Amazon set for upgrade on enhanced delivery, new services
Super-charged delivery times and the prospect of new subscription offerings at Amazon will likely boost Morningstar's share price outlook.
Amazon's first-quarter update reinforced its continued shift to a more dynamic free cash story, with subscription platforms, Amazon Web Services, advertising, and Whole Foods each contributing to strong revenue growth and a new high-water mark for first-quarter operating margins.
However, it was Amazon's announcement that it plans to accelerate its Prime shipping program to two-day delivery, from three days, that warrants the most attention.
Amazon remains one of the top investment ideas from Morningstar's US analysts, and we are planning to increase our US$2,200 fair value estimate as one-day shipping investments will be more than offset by new user engagement/subscription and seller monetisation.
We see both a defensive and offensive rationale behind the one-day shipping decision. From a defensive perspective, we believe competitors such as Walmart, Target, and Best Buy have steadily been narrowing the delivery speed gap with Amazon the past 12 to 18 months, but we believe this move will help to reinforce the network effect component behind out wide-moat rating, with one-day delivery appealing to not only buyers, but also sellers.
On the offensive front, we believe expanded one-day delivery capabilities – which will necessitate US$800 million of incremental investment in the second quarter and additional investment as the year progresses – will create new third party seller monetisation opportunities and unlock new subscription service offerings, both of which are central to our longer-term assumptions.

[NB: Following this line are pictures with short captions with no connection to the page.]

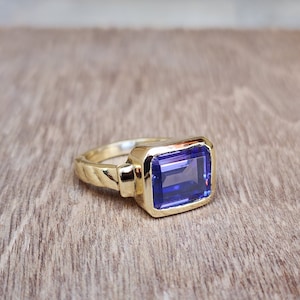 Blue Tanzanite Signet Ring, Yellow Gold Ring, 925 Sterling Silver Ring, Square Tanzanite Gemstone Ring, Solitaire Ring, Women Ring, Men Ring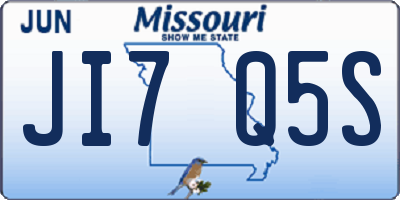 MO license plate JI7Q5S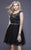 Shail K - 21240 Cap Sleeve Beaded Tulle Cocktail Dress In Black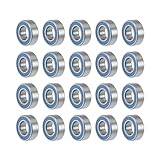 TOP-VIGOR 20Pcs MR126-2RS Deep Groove Ball Bearings, Z2 6mm x 12mm x 4mm Double Sealed Industrial Bearings, Chrome Steel Skateboard Bearings for Electrical Instrument Equipment, Blue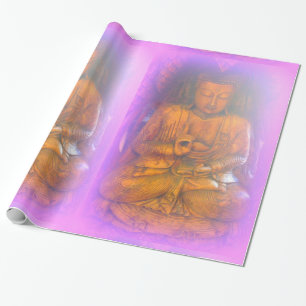Cadeau papier d'emballage serene purple aura assise boudd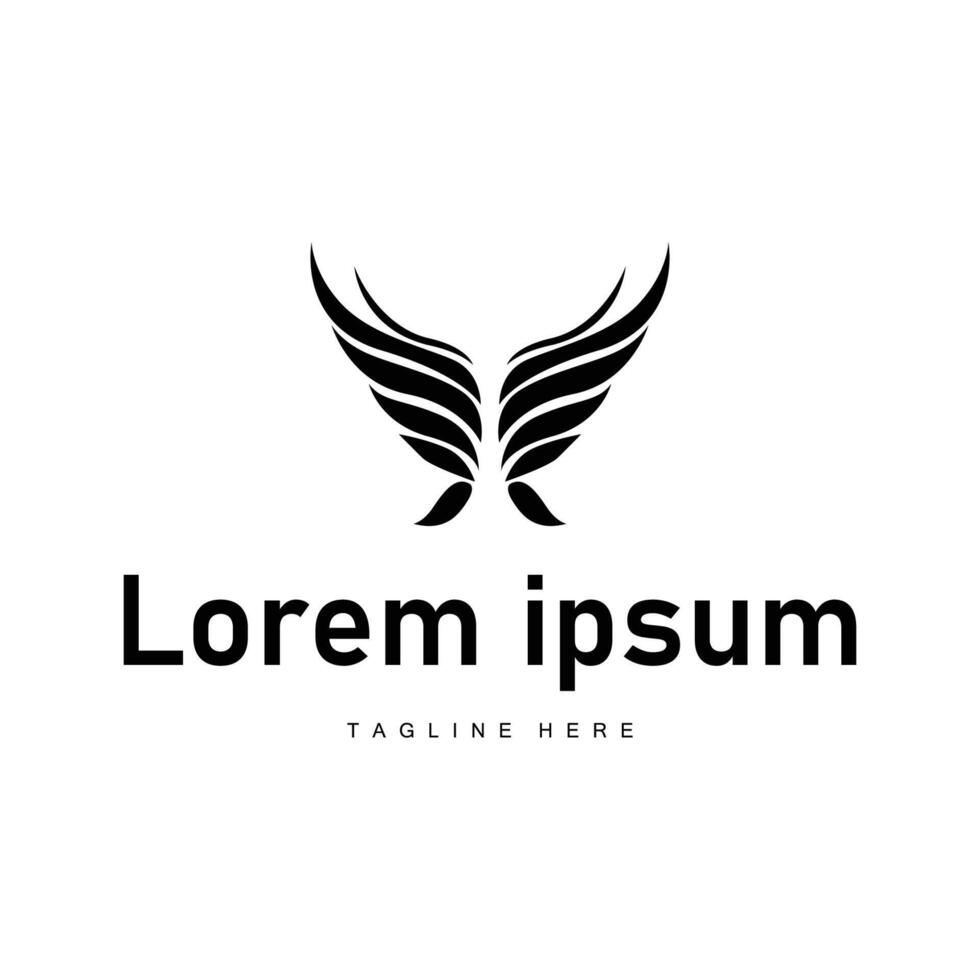 wing logo black design minimalist animal wings with simple black concept for business symbol or product brand template vector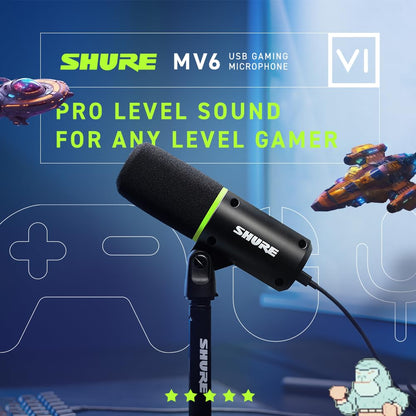 Shure MV6 USB Gaming Microphone for Streaming & Recording
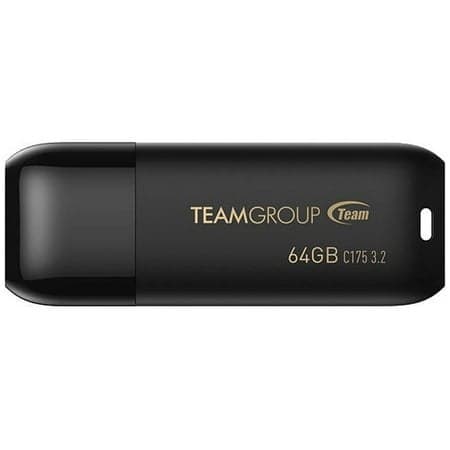 TEAMGROUP C175 64GB USB 3.2 Gen 1 Flash Drive Rounded Streamlined Unibody Design Black Pearl Seamless Construction Matte and Glossy Finish  Speed Up to 100MB/s (TC175364GB01)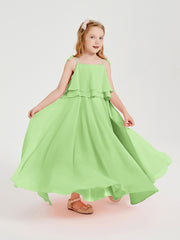 Robes de Demoiselle d'Honneur Junior en Mousseline avec Nœud Papillon Sauge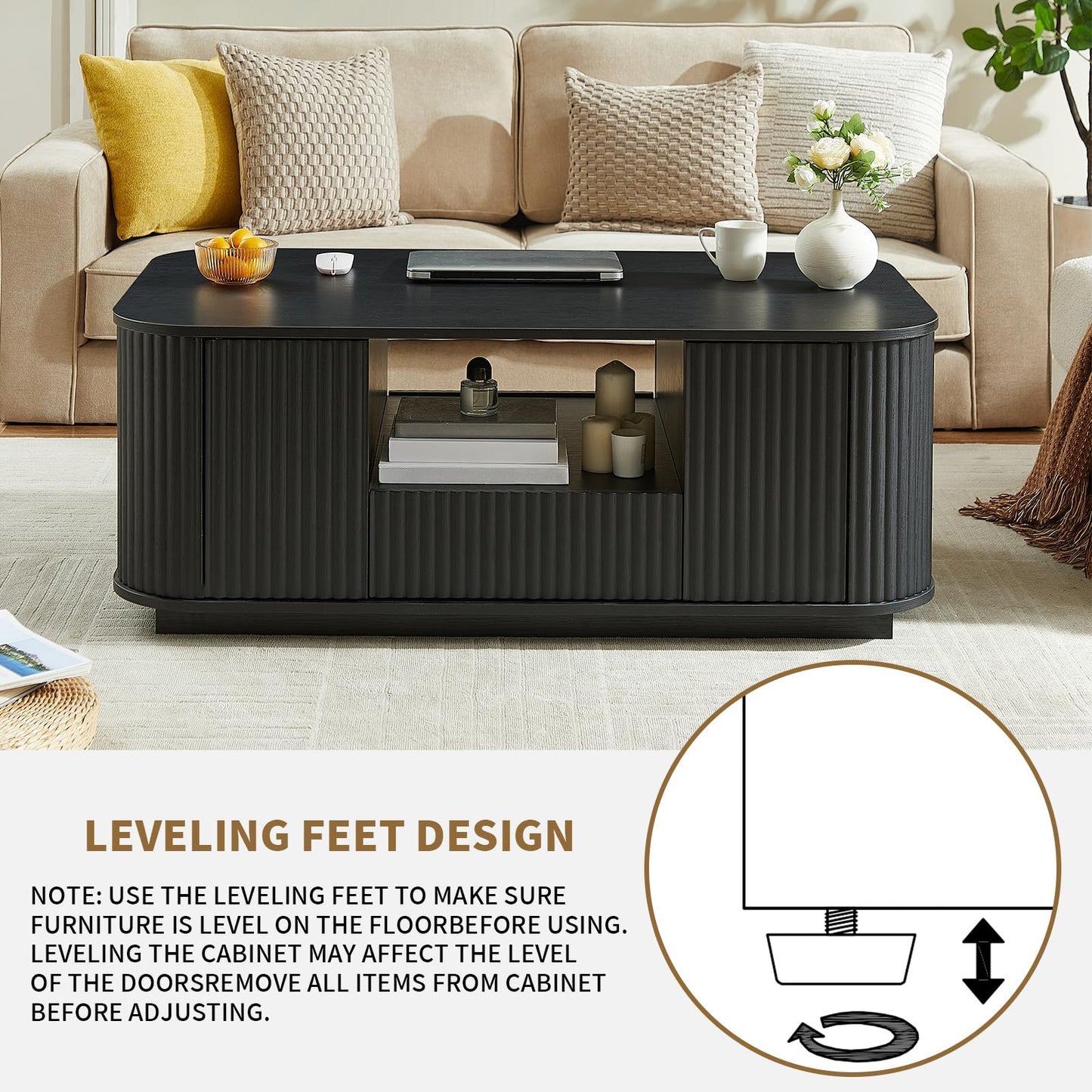 SZTHHDF 46.5" Coffee Table with Storage, Mid Century Modern Coffee Table with Drawer Wave Pattern Center Table with Door for Living Room, Office, Apartment, Black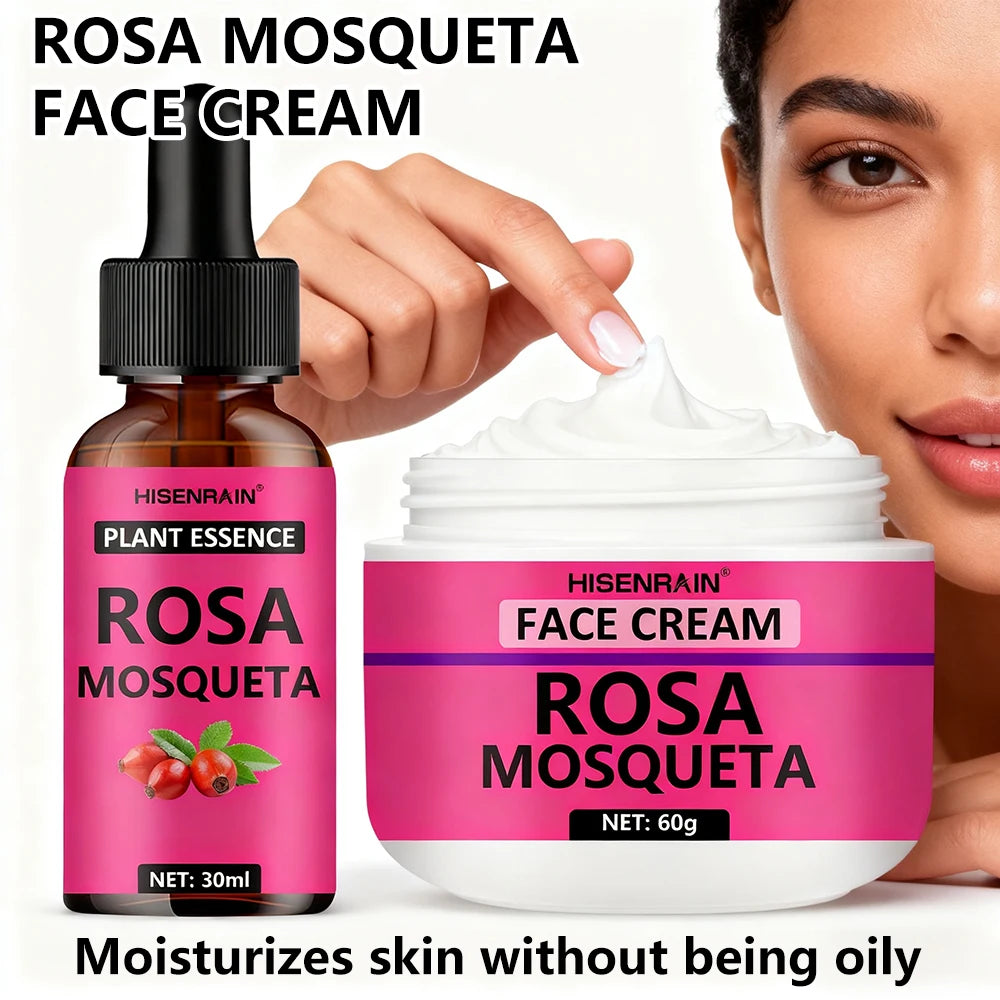 HISENRAIN Rosehip Skincare Set: Hydrating Serum & Moisturizing Cream Combo - Anti-Aging, 24H Moisture, Brightening Kit. Oasis Select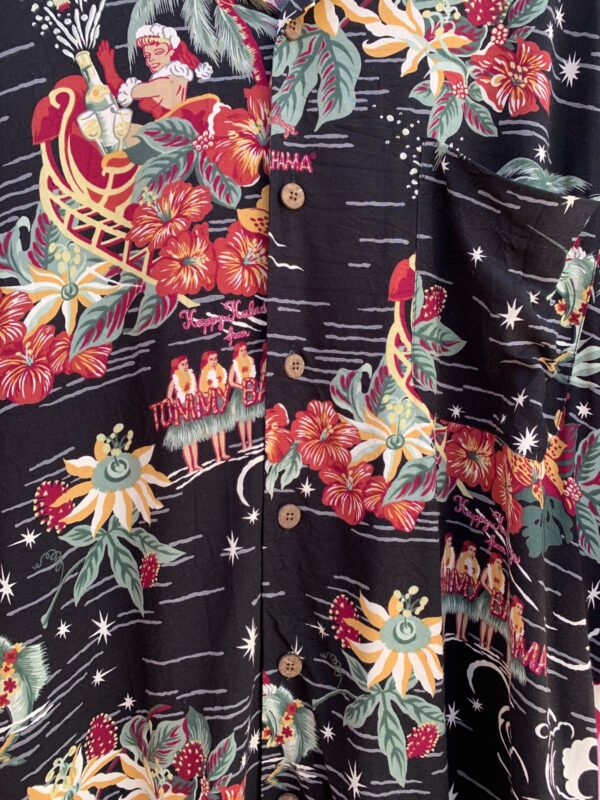 HAPPY HULA-DAYS (HOLIDAYS) SLINKY RAYON HAWAIIAN SHIRT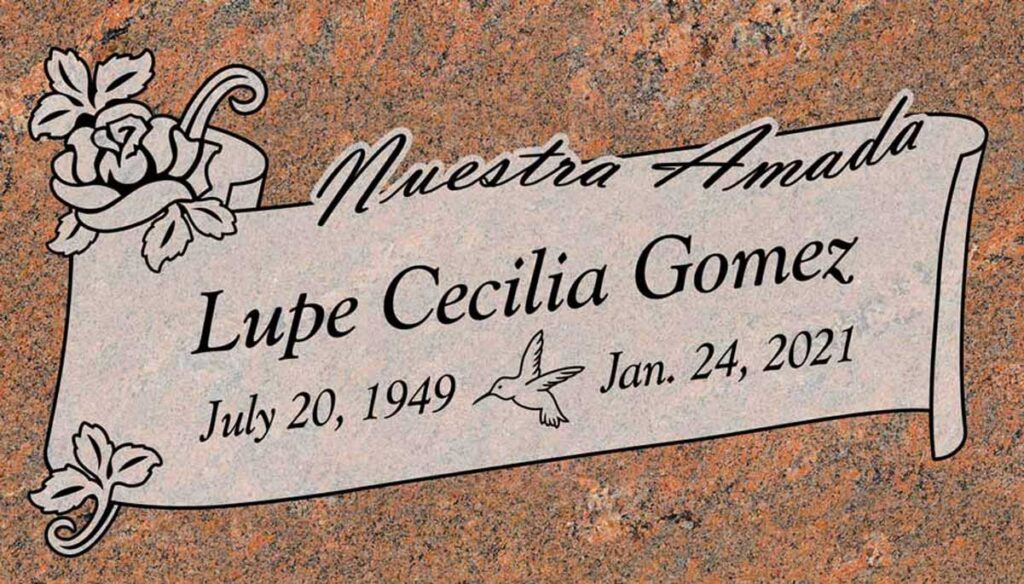 Rose & Scroll Banner in Red Multicolor Granite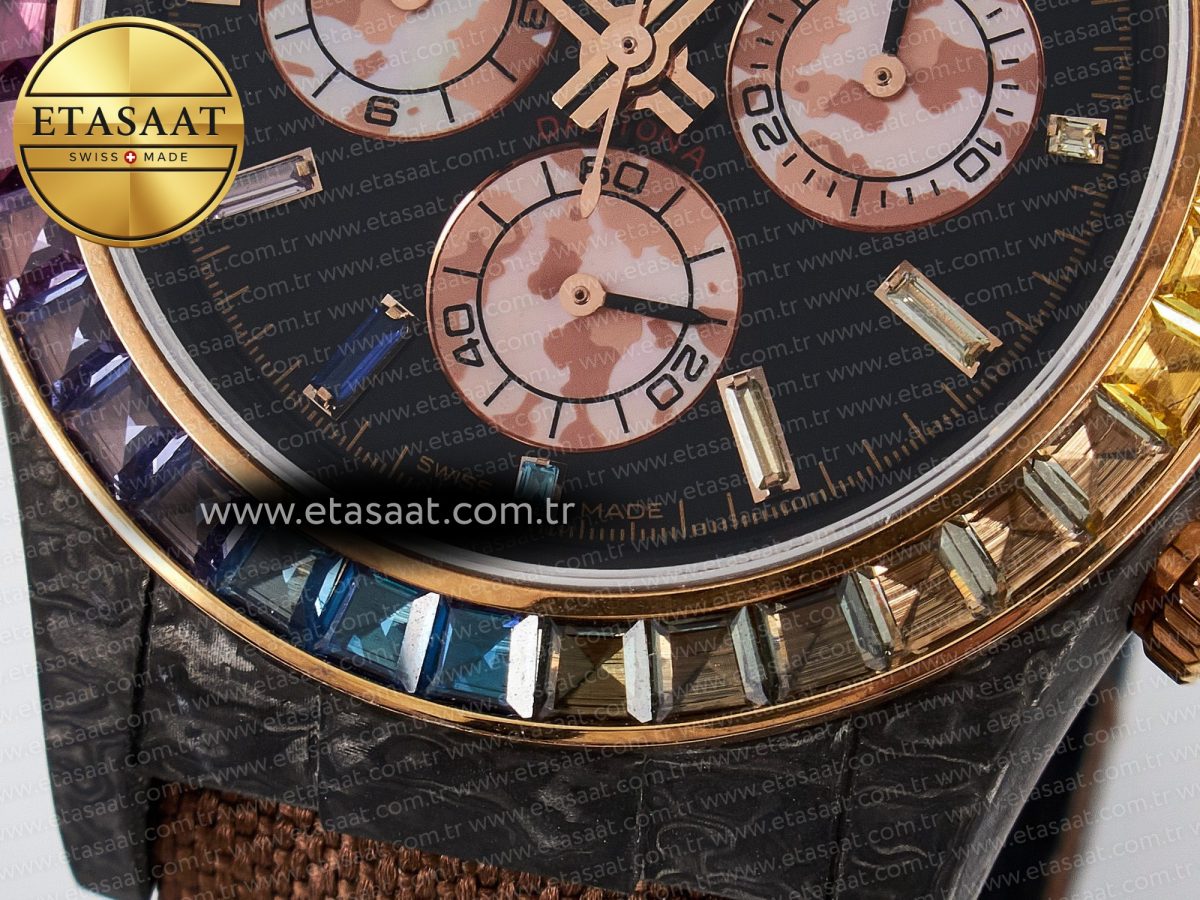 Rolex Daytona DIW Carbon Case DIWF Edition Black Dial Rainbow Diamonds Bezel on Brown Nylon Strap A7750 - Görsel 13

Amazon Web Services outperforms
While the market is fixated on Prime one-day shipping coming out of the quarter, Amazon's other business units also continue to add to its increasingly dynamic long-term cash flow profile.
Despite increased pressure from Microsoft Azure and others, AWS remained one of the clear highlights to start 2019, with segment revenue growing 42 per cent on a currency-neutral basis.
Amazon management cited infrastructure leverage and greater efficiencies as the key drivers behind the margin gains, and we continue to believe that the market underestimates the longer-term margin potential of this business, even after factoring in greater pricing competition for its cloud computing (EC2) and storage (S3) functions as well as pricing potential for future mission-critical business functions such as cybersecurity, the "Internet of Things" and AWS Marketplace.
Advertising and other revenue decelerated from its torrid pace in 2018 – 33.9 per cent in the first quarter versus 117.2 per cent last year – due to tougher comparisons and other fine-tuning efforts. Though we continue to see multiple ways to evolve this business segment in the future and view it as a meaningful future free cash flow contributor.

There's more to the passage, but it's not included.